[Short descriptive text snippets]
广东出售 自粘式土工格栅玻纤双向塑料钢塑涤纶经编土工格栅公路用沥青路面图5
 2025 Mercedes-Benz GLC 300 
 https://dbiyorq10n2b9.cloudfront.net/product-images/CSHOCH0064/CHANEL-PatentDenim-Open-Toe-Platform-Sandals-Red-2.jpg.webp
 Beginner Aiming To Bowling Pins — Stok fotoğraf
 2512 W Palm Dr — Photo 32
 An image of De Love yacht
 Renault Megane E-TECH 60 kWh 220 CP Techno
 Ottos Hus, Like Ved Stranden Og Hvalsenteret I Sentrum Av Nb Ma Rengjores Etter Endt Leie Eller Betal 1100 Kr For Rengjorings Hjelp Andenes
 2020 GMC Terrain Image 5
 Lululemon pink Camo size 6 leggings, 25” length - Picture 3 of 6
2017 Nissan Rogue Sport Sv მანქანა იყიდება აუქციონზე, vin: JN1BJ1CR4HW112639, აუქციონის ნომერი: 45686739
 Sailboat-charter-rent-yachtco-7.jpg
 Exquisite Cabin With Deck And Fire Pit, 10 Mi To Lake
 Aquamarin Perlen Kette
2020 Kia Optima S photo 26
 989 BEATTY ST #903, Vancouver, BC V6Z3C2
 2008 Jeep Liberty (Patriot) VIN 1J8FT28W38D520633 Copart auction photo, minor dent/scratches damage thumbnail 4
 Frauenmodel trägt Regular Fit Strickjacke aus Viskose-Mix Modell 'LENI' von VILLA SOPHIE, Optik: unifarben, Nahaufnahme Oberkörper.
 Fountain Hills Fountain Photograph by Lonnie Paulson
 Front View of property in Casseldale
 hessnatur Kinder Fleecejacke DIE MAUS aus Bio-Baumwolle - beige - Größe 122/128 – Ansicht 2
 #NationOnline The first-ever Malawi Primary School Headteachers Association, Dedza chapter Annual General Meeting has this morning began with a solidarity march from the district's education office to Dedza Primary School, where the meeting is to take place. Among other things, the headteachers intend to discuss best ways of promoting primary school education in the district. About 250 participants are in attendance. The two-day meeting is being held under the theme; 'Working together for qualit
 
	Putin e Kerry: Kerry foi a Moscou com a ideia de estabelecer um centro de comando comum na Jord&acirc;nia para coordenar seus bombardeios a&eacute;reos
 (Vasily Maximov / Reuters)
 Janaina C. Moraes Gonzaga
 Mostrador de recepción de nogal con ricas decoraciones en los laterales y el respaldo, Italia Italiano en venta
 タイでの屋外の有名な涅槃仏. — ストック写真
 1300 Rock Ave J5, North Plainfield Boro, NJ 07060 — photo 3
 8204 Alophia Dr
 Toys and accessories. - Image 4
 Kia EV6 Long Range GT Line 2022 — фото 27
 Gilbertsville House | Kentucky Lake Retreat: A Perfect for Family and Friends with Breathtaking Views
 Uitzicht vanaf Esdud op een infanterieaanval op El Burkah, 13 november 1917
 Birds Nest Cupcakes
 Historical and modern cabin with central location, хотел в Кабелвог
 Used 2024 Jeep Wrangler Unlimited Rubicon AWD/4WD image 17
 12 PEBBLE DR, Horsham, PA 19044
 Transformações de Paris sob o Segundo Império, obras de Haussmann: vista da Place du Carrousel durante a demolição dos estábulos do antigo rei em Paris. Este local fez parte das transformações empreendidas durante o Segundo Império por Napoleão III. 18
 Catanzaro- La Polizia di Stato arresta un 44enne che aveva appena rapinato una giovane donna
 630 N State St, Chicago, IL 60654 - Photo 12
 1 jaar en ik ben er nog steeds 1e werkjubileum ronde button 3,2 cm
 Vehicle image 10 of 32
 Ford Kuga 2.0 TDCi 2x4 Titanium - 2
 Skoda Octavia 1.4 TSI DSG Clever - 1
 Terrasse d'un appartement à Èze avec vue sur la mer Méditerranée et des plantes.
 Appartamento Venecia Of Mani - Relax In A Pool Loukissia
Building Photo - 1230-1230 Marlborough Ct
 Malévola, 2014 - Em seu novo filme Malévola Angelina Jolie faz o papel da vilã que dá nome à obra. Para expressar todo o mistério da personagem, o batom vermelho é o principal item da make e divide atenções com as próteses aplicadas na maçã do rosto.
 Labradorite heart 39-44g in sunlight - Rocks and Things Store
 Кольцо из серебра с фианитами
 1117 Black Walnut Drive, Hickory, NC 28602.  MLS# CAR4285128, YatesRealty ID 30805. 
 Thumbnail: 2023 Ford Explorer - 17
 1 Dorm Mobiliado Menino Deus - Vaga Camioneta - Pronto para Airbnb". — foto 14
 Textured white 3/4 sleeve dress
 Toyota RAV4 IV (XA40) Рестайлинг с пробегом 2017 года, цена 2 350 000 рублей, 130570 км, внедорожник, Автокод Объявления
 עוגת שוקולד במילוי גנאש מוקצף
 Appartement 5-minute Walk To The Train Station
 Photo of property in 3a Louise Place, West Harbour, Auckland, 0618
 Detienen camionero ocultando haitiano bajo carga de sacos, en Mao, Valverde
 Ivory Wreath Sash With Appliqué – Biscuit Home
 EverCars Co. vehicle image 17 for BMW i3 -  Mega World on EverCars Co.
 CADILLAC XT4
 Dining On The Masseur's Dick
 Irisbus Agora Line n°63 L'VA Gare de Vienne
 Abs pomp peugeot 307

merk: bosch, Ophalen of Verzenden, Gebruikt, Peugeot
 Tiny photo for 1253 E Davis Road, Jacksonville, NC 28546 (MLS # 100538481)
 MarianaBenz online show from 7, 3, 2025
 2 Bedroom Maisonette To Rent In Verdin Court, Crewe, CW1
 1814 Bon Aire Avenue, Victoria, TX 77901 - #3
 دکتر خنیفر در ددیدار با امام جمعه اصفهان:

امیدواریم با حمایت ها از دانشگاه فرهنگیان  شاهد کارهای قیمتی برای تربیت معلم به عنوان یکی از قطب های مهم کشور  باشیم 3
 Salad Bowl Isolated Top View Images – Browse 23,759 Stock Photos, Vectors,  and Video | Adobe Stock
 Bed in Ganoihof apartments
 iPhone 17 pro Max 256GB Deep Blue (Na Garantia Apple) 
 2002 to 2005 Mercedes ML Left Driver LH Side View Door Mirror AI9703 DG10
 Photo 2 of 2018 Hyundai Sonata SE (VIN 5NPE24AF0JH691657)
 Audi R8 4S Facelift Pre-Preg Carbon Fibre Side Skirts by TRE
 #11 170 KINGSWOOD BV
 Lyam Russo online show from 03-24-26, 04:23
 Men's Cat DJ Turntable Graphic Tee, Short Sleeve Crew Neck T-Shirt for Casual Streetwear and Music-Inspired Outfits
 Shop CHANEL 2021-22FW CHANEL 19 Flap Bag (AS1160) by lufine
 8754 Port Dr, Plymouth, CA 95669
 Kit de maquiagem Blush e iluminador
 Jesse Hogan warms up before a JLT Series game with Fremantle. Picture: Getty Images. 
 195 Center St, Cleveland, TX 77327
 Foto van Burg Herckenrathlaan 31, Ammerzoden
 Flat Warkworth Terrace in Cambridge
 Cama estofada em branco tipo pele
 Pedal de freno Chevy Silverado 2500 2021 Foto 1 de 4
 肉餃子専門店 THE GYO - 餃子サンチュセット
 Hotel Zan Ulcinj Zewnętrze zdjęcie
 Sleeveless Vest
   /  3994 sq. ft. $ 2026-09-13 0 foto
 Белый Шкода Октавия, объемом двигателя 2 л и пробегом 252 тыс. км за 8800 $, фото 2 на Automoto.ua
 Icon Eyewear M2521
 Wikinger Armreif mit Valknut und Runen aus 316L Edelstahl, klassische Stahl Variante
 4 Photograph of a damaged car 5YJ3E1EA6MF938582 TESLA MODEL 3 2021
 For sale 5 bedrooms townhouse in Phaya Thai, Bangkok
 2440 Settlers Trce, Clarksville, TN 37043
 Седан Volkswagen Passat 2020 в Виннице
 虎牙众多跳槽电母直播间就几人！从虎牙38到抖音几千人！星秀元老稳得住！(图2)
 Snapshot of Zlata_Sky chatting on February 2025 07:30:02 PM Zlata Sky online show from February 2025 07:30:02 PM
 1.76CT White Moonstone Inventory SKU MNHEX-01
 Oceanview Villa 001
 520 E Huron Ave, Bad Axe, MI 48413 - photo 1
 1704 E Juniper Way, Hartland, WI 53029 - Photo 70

### WORK TO COMPLETE
Copy exactly the lines above, starting at the opening line and finishing at the line in which "989 BEATTY ST #903, Vancouver, BC V6Z3C2" occurs.

### WRITTEN ANSWER
广东出售 自粘式土工格栅玻纤双向塑料钢塑涤纶经编土工格栅公路用沥青路面图5
 2025 Mercedes-Benz GLC 300 
 https://dbiyorq10n2b9.cloudfront.net/product-images/CSHOCH0064/CHANEL-PatentDenim-Open-Toe-Platform-Sandals-Red-2.jpg.webp
 Beginner Aiming To Bowling Pins — Stok fotoğraf
 2512 W Palm Dr — Photo 32
 An image of De Love yacht
 Renault Megane E-TECH 60 kWh 220 CP Techno
 Ottos Hus, Like Ved Stranden Og Hvalsenteret I Sentrum Av Nb Ma Rengjores Etter Endt Leie Eller Betal 1100 Kr For Rengjorings Hjelp Andenes
 2020 GMC Terrain Image 5
 Lululemon pink Camo size 6 leggings, 25” length - Picture 3 of 6
2017 Nissan Rogue Sport Sv მანქანა იყიდება აუქციონზე, vin: JN1BJ1CR4HW112639, აუქციონის ნომერი: 45686739
 Sailboat-charter-rent-yachtco-7.jpg
 Exquisite Cabin With Deck And Fire Pit, 10 Mi To Lake
 Aquamarin Perlen Kette
2020 Kia Optima S photo 26
 989 BEATTY ST #903, Vancouver, BC V6Z3C2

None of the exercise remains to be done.